At our headquarters in Wisconsin, we are ensuring our aviculture and veterinary teams can safely keep our captive cranes fed and healthy. With more than 120 rare cranes on our campus, we have a responsibility to protect these birds for future generations. I am so humbled by our dedicated team.
Now that we have everyone safely at home and the cranes cared for, we are exploring creative and productive ways to improve professional skills to advance our mission. We are taking a deeper dive into innovative land and water conservation solutions, community-based natural resource management approaches, and carbon markets for fighting climate change, to name a few. We are also taking this opportunity to learn new software that will help us all do our jobs better. My boys are home doing distance learning. Now, I am too. I look out my office window at the birds returning to Wisconsin and am reminded why our work is so important – making the world more livable for all creatures.

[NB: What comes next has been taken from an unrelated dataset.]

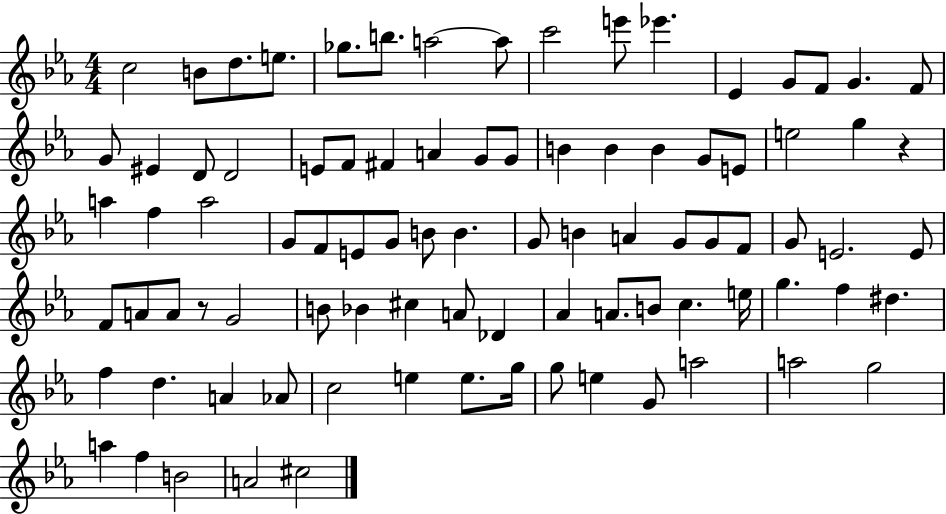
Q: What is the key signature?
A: EES major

And I plan to use this time to communicate more with you! I can’t wait to share with you a series of “From the Field” webinars about our research, fieldwork, and crane monitoring. We will hold “Skype a Scientist” sessions so you can engage and ask questions. Look for these opportunities and more on our website, social media, and in messages from me.
Thank you for being a steadfast partner. Craniacs are truly rare birds!
From our crane family to yours, we send our very best wishes for health and strength.